What fun can be had with lambda-definitions?

You can use them for control flow. For example, in Smalltalk, the "ifTrue:ifFalse:" method is a method on Boolean objects, with a different implementation on each of True and False classes. The expression

someBoolean ifTrue: [self doSomething] ifFalse: [self doSomethingElse]

uses two closures---blocks, in [square brackets] in Smalltalk syntax---one for the true branch, and one for the false branch. The implementation of "ifTrue:ifFalse:" for instances of class True is

ifTrue: block1 ifFalse: block2
    ^ block1 value

and for class False:

ifTrue: block1 ifFalse: block2
    ^ block2 value

Closures, here, are used to delay evaluation so that a decision about control flow can be taken, without any specialised syntax at all (besides the syntax for blocks).

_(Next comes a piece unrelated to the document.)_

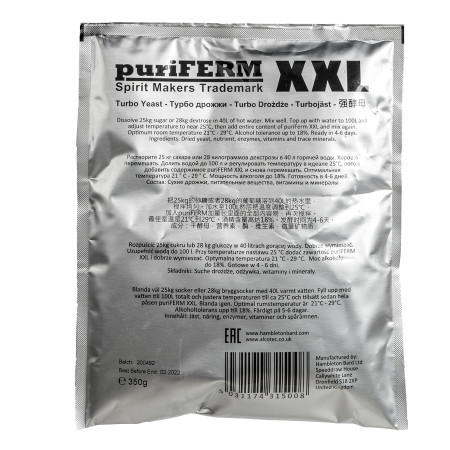 Turbo yeast alcohol "PuriFerm XXL" (350 gr) в Хабаровске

Haskell is a little different, with its lazy evaluation model effectively automatically producing the effect of closures in many cases, but in Scheme you end up using lambdas for control flow a lot. For example, here is a utility to retrieve a value from an association-list, supplying an optionally-computed default in the case where the value is not present:

(define (assq/default key lst default-thunk)
  (cond
    ((null? lst) (default-thunk)) ;; actually invoke the default-value-producer
    ((eq? (caar lst) key) (car lst))
    (else (assq/default key (cdr lst) default-thunk))))

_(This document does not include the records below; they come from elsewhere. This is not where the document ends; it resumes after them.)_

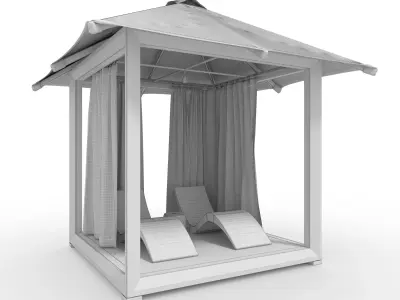 Poolside Cabana 19 3D model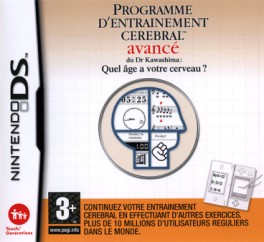 Jeu Video - Programme d'entraînement cérébral avancé du Dr Kawashima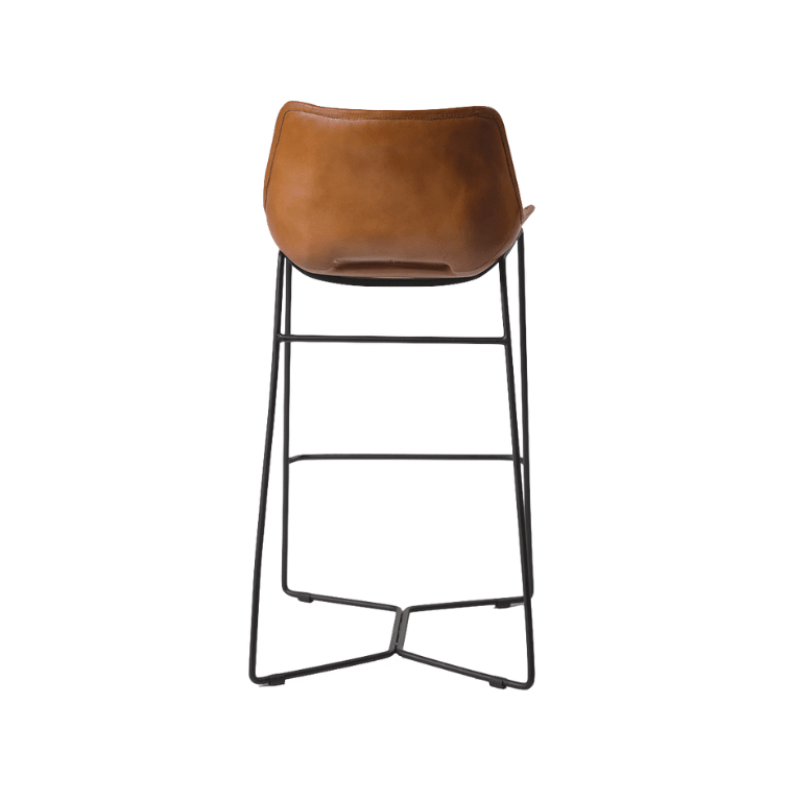 https://www.lcvdesignsndecor.co.za/shop/furniture/kitchen-bar/bar-counter-stools-chairs/curt-leather-bar-chair/ Curt Leather Bar Chair 47x48x97cm Back View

It would be called like this:

(assq/default 'mykey my-alist (lambda () (+ 3 4 5)))

The key here is the use of the lambda to delay computation of the default value until it's actually known to be required.

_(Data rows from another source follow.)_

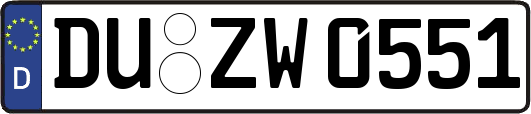 DU-ZW0551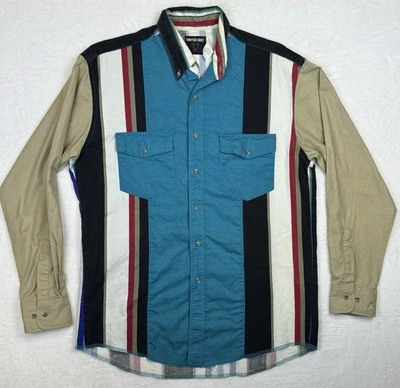Vintage Frontier Series Button Up Shirt Men’s Large Multicolor Stripe Western - Image 1 of 4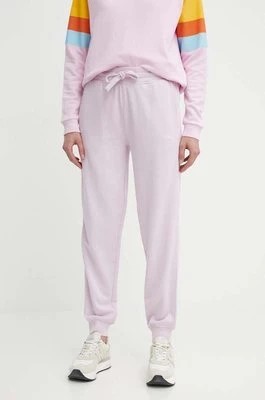 Zdjęcie produktu Puma spodnie dresowe bawełniane HER kolor fioletowy gładkie 677889
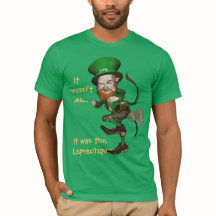Pièce en t irlandaise drôle de lutin de péter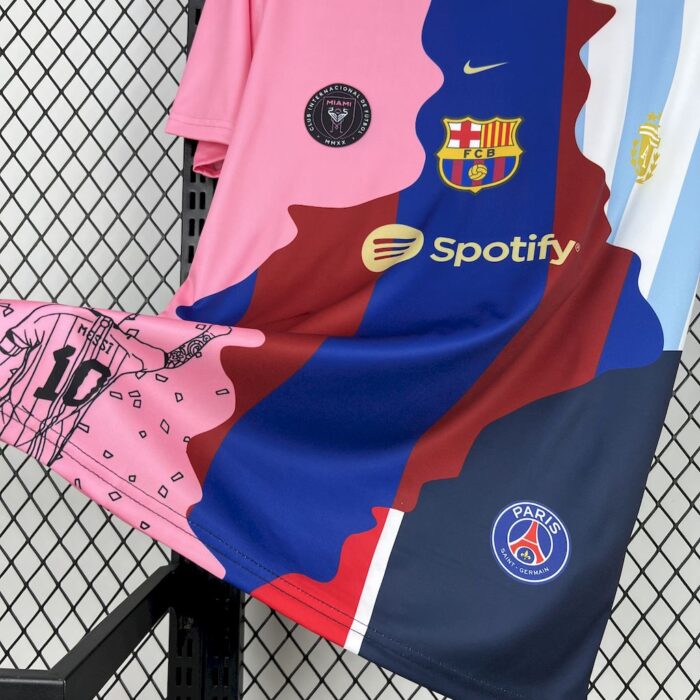 Mens Lionel Andrés Messi Cuccitini 2025/26 all club mix Jersey 2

See also continuation-passing-style, which takes this to an extreme. Javascript, for instance, relies on continuation-passing-style and closures to perform all of its blocking operations (like sleeping, I/O, etc).

ETA: Where I've said closures above, I mean lexically scoped closures. It's the lexical scope that's key, often.

You can make a functional data structure out of lambdas. Here is a simple one - a functional list (Python), supporting add and contains methods:

empty = lambda x : None

def add(lst, item) :
    return lambda x : x == item or lst(x)

def contains(lst, item) :
    return lst(item) or False

I just coded this quickly for fun - notice that you're not allowed to add any falsy values as is. It also is not tail-recursive, as a good functional structure should be. Exercises for the reader!